Pauli and his contemporaries soon recognized that this empirical exclusion rule applied not just to electrons but to a wider category of particles, including protons and neutrons, which they collectively termed fermions. Alternatively, particles that prefer to share the same state — including the photons in a laser beam, for instance — were designated as bosons. (Pauli and his colleagues also understood the relation between being a fermion or a boson and a particle’s inherent angular momentum, or ‘spin’.)

Mathematically, the central characteristic of fermions is that when two of them exchange positions, the ‘wavefunction’ representing their combined quantum state alters sign, meaning it is multiplied by –1. In the case of bosons, the wavefunction remains unchanged. Early quantum theorists were aware that, theoretically, other types of particles could exist whose wavefunctions transformed in more complex manners during position exchanges. In the 1970s, researchers identified anyons, which can only manifest in universes with one or two dimensions.
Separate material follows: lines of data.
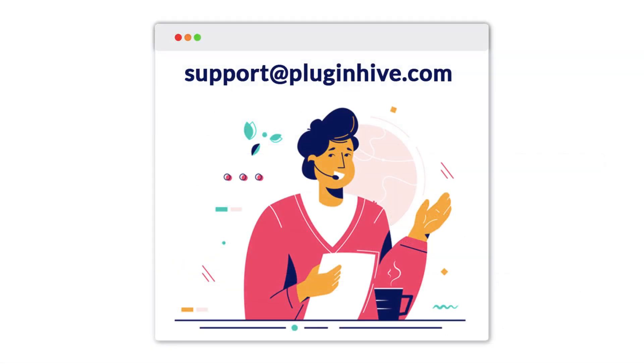If you have any questions, please don't hesitate to reach out to us at support at pluginhive.com.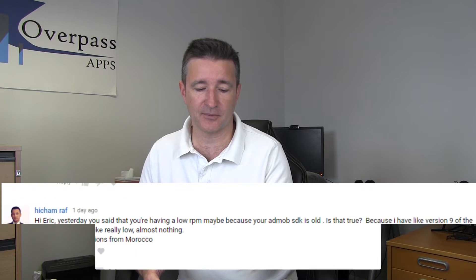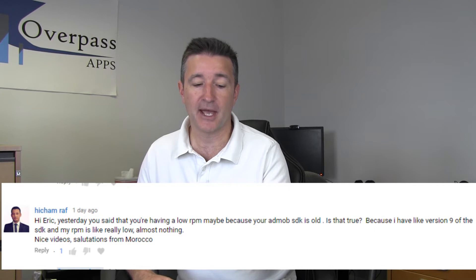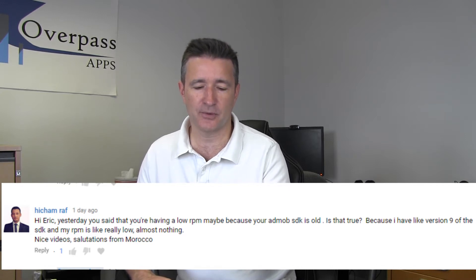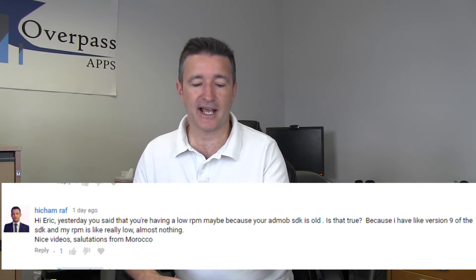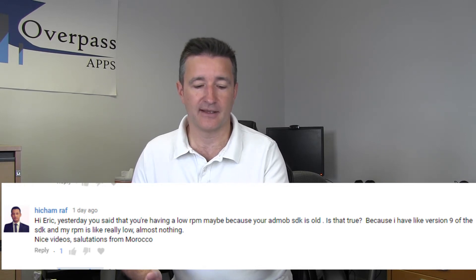I had a question the following day from Hicham Raf who said: 'Hi Eric, yesterday you said that you're having a low RPM, maybe because your AdMob SDK is old. Is that true? Because I have like version 9 of the SDK and my RPM is really low, almost nothing. Nice videos, salutations from Morocco.' Hey Morocco, cool.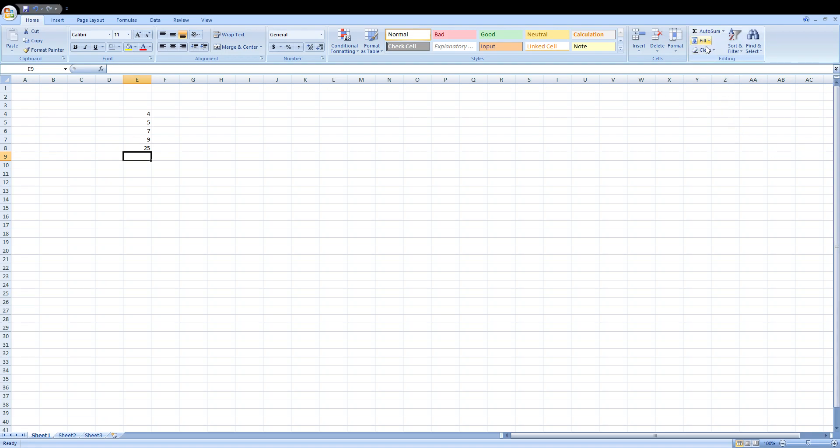You can use the AutoSum formula, or you can also use the equals SUM formula to sum the values.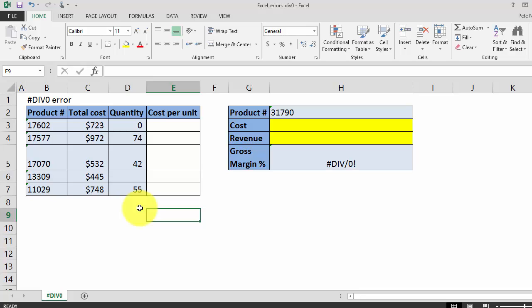Today you're going to learn how to fix the div zero error in your Excel formulas. For a printable PDF of all the solutions covered in this video, click on the link in the description below.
Physicists Zhiyuan Wang, presently at the Max Planck Institute for Quantum Optics in Garching, Germany, along with Kaden Hazzard from Rice University in Houston, Texas, have developed a model for paraparticles that can exist across any number of dimensions — and possess distinct properties from those of fermions or bosons. Specifically, these paraparticles adhere to their own variation of the Pauli exclusion principle. “It’s not entirely surprising that it’s achievable,” remarks Kasia Rejzner, a mathematical physicist at the University of York, UK. “Yet, it remains fascinating.”

Wang recounts that he stumbled upon the unusual swapping rules accidentally in 2021, while pursuing his PhD. “It was the most exhilarating moment in my life,” he shares. Wang adds that realizing these paraparticle states on a quantum computer should be feasible — albeit challenging.

1D Anyons

Paraparticles possess a characteristic akin to fermions: swapping two particles and then reversing the swap returns them to their original state. Anyons, on the other hand, typically exhibit a different quantum state even after being returned to their prior positions, therefore they are not categorized as paraparticles.

In the Science investigation, physicists Joyce Kwan and Markus Greiner at Harvard University in Cambridge, Massachusetts, along with their team suspended atoms of the isotope rubidium-87 in a vacuum utilizing light waves. The atoms tended to remain at the troughs of the waves and only occasionally transitioned from one to another, less than one micrometer apart. Under these conditions, rubidium-87 atoms would normally act like bosons, leading to two of them sharing the same trough without issue. However, by periodically adjusting the light intensity, the researchers altered the behavior of the atoms, so that once two atoms swapped positions, their wavefunctions were twisted by a specific angle — a defining trait of anyons. Investigating the wavefunctions necessitated numerous repetitions of the experiment, enabling the atoms to roam before later freezing them and imaging the position of each atom, as Kwan explains.

“I am extremely thrilled that the Greiner group has successfully realized anyons in 1D,” states Martin Greiter, a theoretical physicist at Julius Maximilian University of Würzburg in Germany.

Given that anyons’ wavefunctions ‘remember’ how two have been exchanged, they could offer a sturdy method for encoding information. This memory property has already been harnessed in virtual 2D anyons developed by Google physicist and other research teams.

Paraparticles may not be as resilient as anyons, but they might also hold potential for quantum computation, Wang asserts. Interestingly, they can be present in 3D. Theoretically, some undiscovered elementary particles could indeed be paraparticles, he notes.